Mr. Woolas: I am sorry that my hon. Friend did not listen to what I, in fact, said rather than what he has assumed I was saying. What I said in respect of his new clause, not in relation to the general policy issue, is that it is not possible to allow those born after 1949 to retain British subject status as they did not have it. That was my simple and logical point, irrespective of one's view on the justice, morality or otherwise of the issue.
My hon. Friend says that those born after 1949 who have emigrated from the Republic of Ireland and come to Britain cannot opt to be British. That is simply not the case.

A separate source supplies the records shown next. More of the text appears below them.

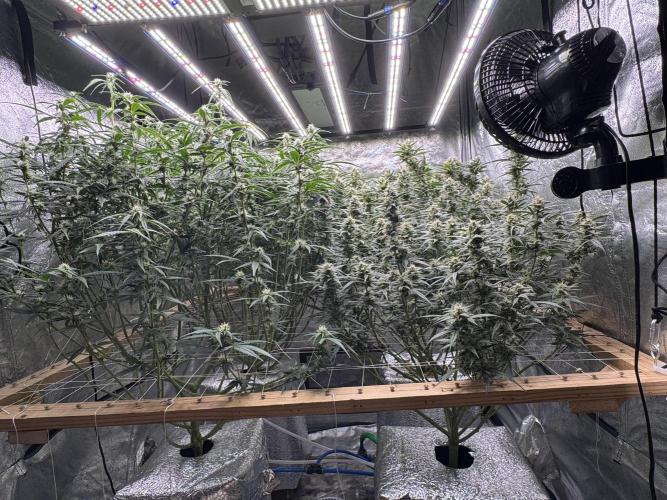 Apple Strudel Auto DWC. Week 9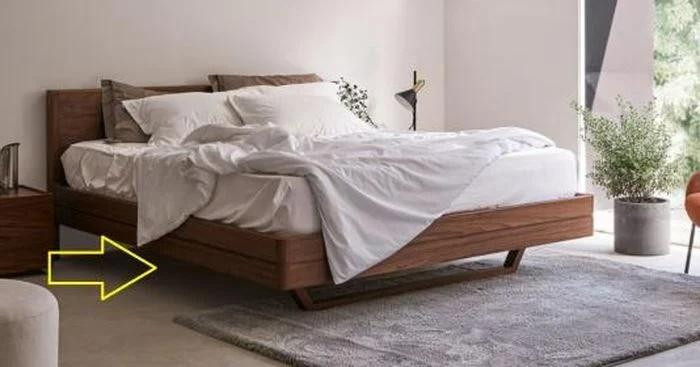 Dat 2 thu duoi gam giuong quet sach van xui, ruoc tai loc ve-Hinh-3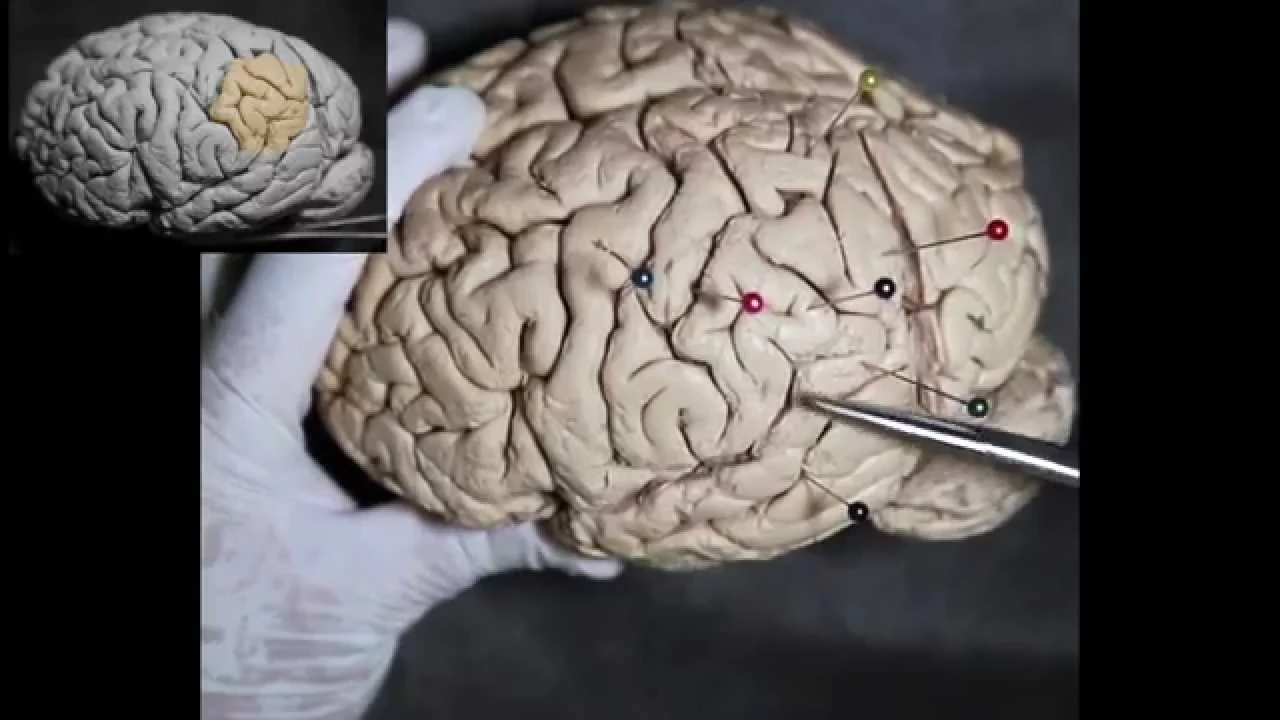 Neuroanatomía - Corteza cerebral #2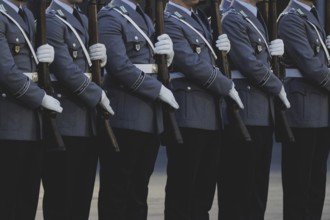 Soldiers from the Bundeswehr Guard Battalion, photographed during a reception with military honours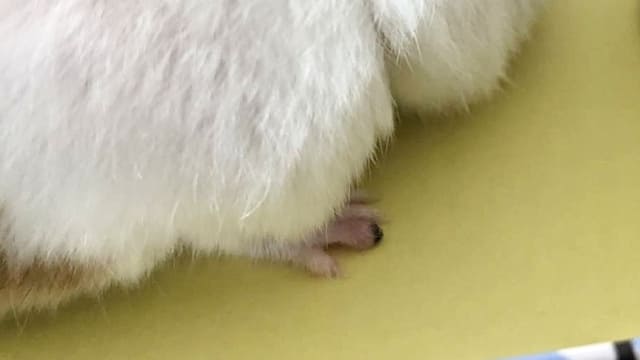 処置の後、指が腫れてしまった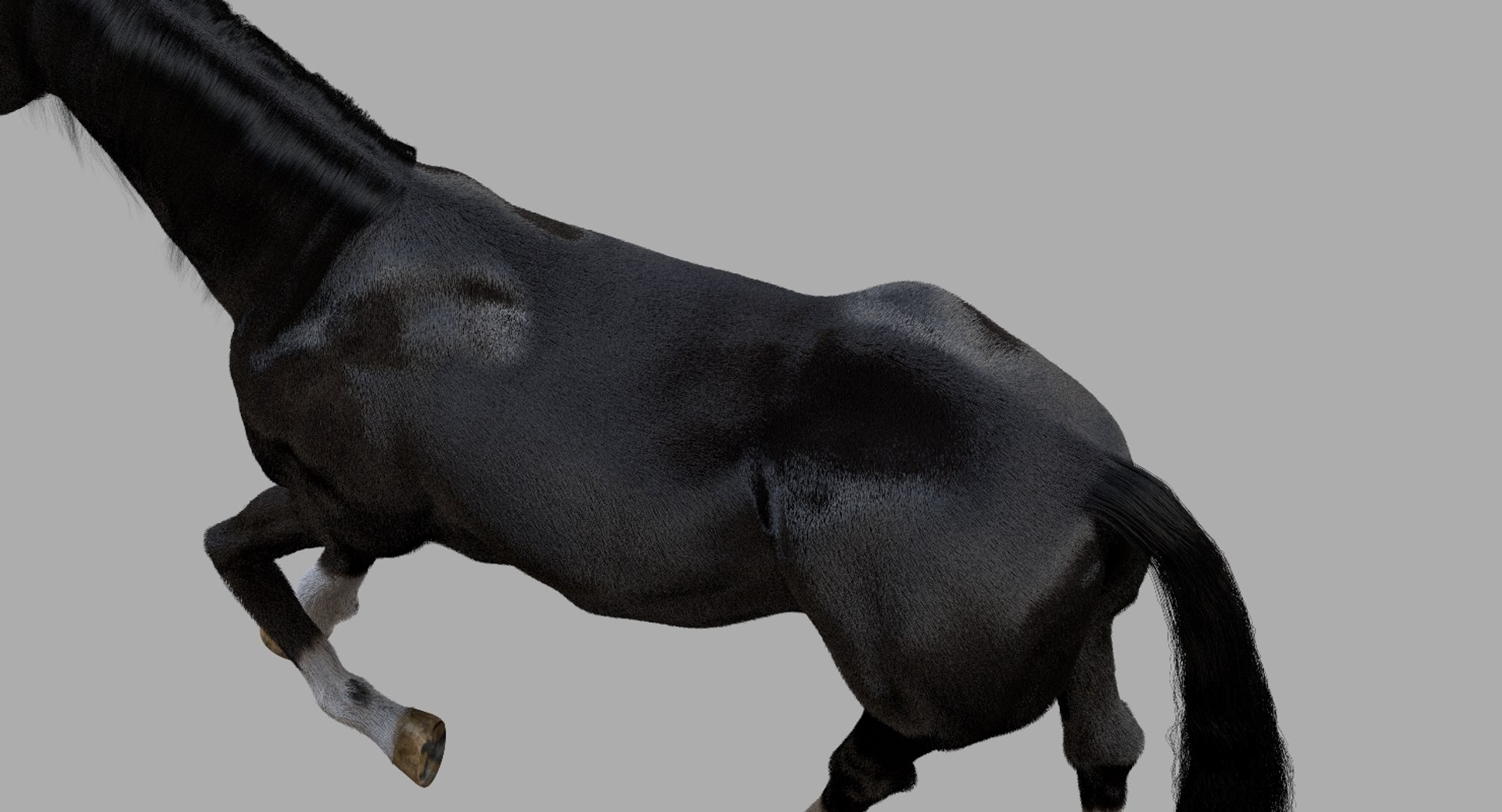 3D horse rigged https://p.turbosquid.com/ts-thumb/w1/DldkT0/9O2Xjoso/08/jpg/1542526902/1920x1080/fit_q87/c336c1e8bd0a663e9022242092cabb434dc6b70f/08.jpg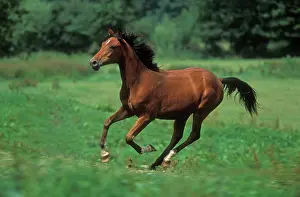 Arabs: Horse - Pure Blood Arab, galloping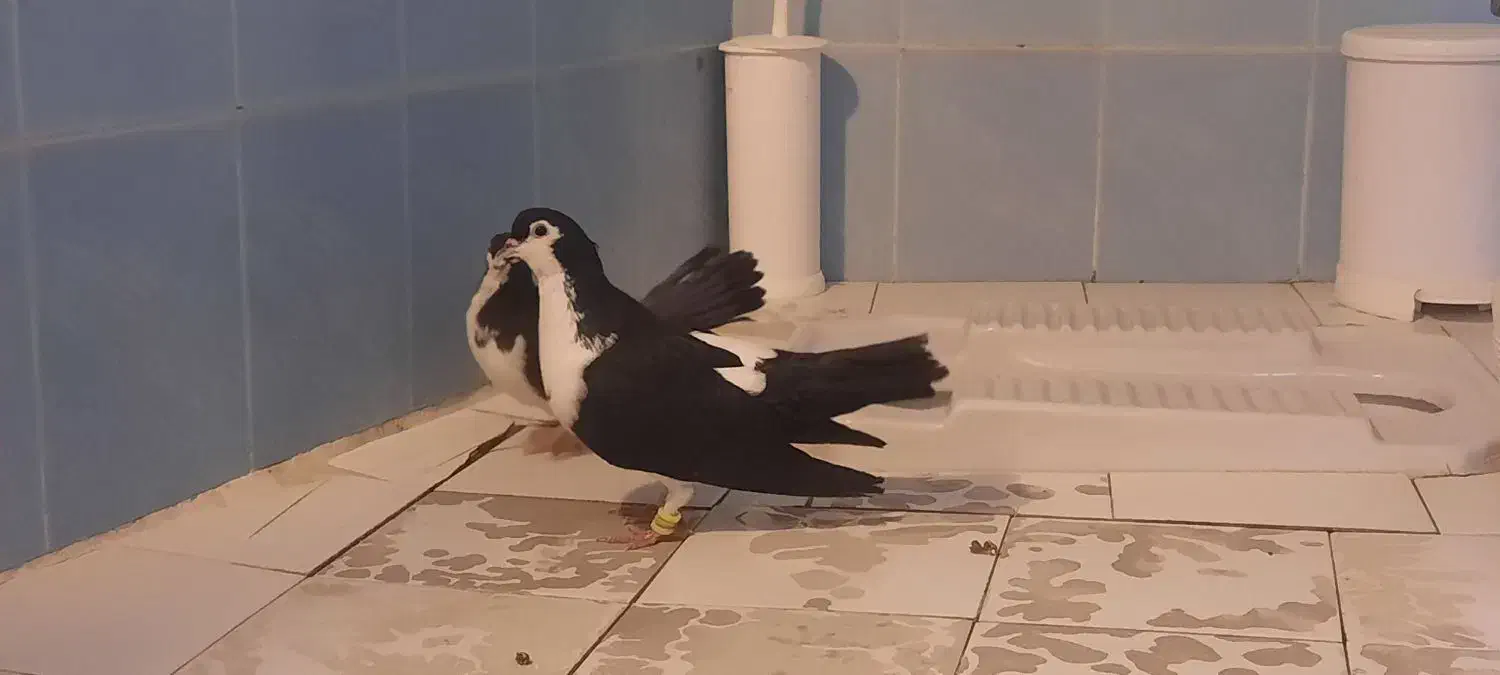 دوتا کبوتر ساده مادر و بچه تخفیف هم پای تحویل|پرنده|مشهد, آزادشهر|دیوار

He may not like the route, but the fact is that a child born in the Republic who moved to the UK when a child-presumably with his or her parents-can naturalise as a British citizen under section 6(1) of the 1981 Act, or, if the parent who acquired citizenship was registered as a British citizen when still a child, it can be done under section 1(3) or 1(4) of the 1981 Act.
My hon. Friend asks what is to stop a person applying in the usual way, and the answer is nothing. What is also different is the fact that the Republic of Ireland is also a member of the European Union, which has changed since 1949, so that represents an important difference.
Sammy Wilson: I think the Minister has missed the point. The new clause is really a request for a reciprocal arrangement to the one that exists for people who live in the United Kingdom and want to claim Irish citizenship. For them, there is an easy route. All the new clause is requesting is that that easy route be available in the other direction. That is why this is a unique situation: people who wish to have Irish citizenship have a method by which they can get it quickly, so to reciprocate in the other direction seems to me to be fairly sensible.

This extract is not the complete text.